Listed records:
╔══
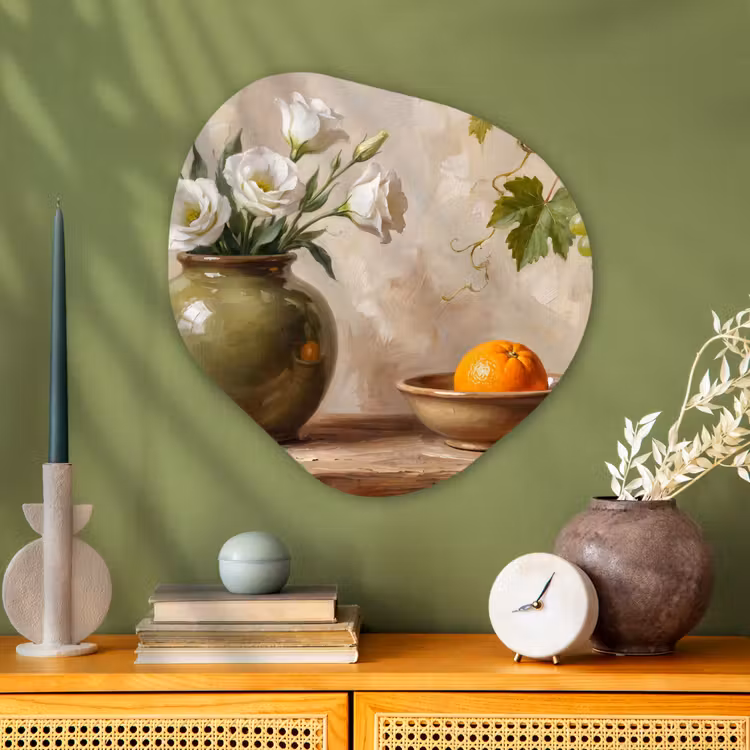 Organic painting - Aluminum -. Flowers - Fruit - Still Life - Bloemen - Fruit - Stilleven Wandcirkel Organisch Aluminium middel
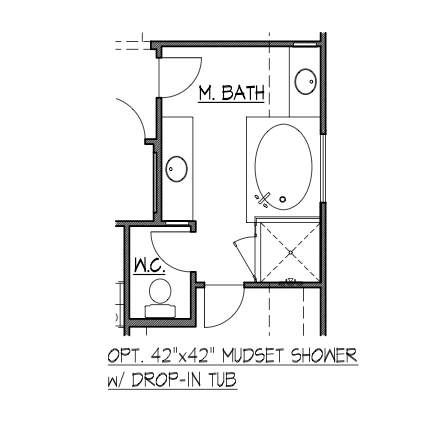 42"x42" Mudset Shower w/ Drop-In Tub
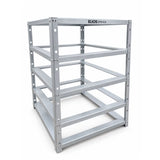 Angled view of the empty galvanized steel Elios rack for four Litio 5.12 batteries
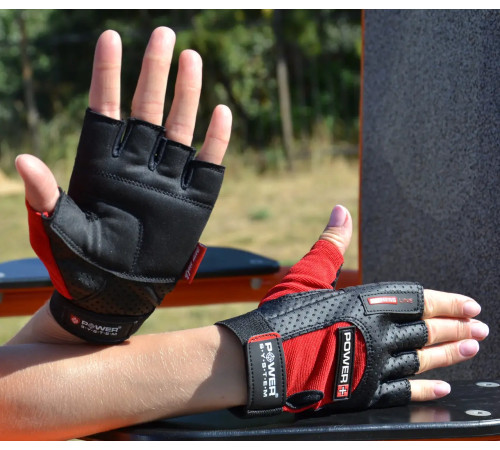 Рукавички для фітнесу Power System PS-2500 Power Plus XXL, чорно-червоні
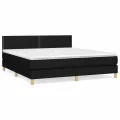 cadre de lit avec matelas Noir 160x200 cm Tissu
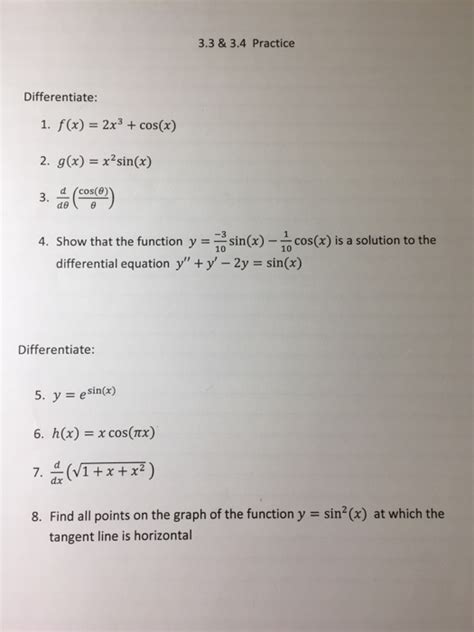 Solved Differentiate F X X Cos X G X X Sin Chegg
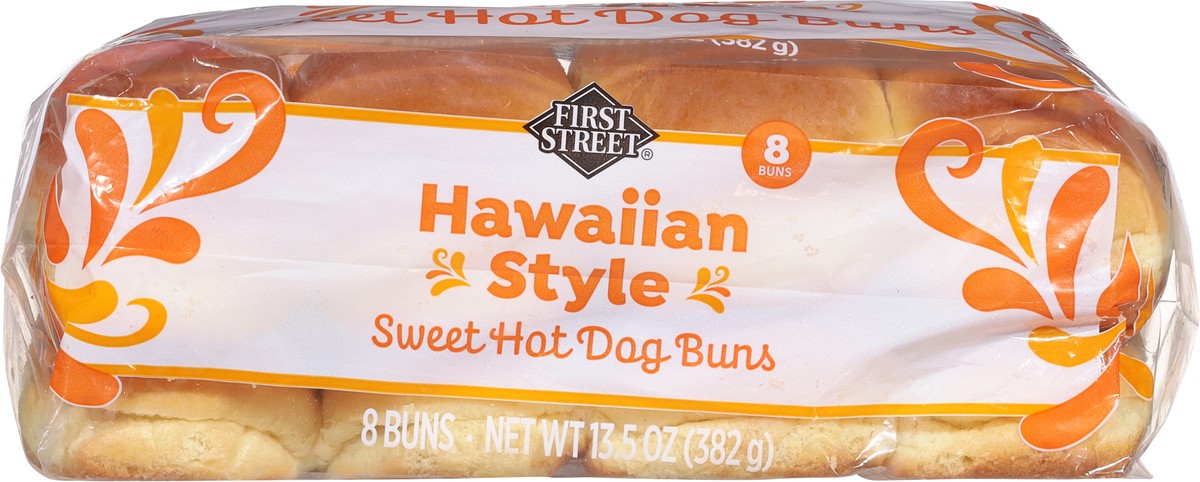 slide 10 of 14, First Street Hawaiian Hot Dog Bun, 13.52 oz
╚══
╔══
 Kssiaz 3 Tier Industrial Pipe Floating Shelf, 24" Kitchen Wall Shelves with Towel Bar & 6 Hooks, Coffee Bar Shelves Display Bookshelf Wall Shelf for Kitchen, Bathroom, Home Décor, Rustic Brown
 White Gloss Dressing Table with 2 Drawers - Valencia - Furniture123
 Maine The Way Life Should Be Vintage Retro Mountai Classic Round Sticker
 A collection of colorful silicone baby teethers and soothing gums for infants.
╚══
Required work:
Could you restate, word for word, the lines above from the one with "Maine The Way" to the one with "A collection of", both included?

Answer box:
 Maine The Way Life Should Be Vintage Retro Mountai Classic Round Sticker
 A collection of colorful silicone baby teethers and soothing gums for infants.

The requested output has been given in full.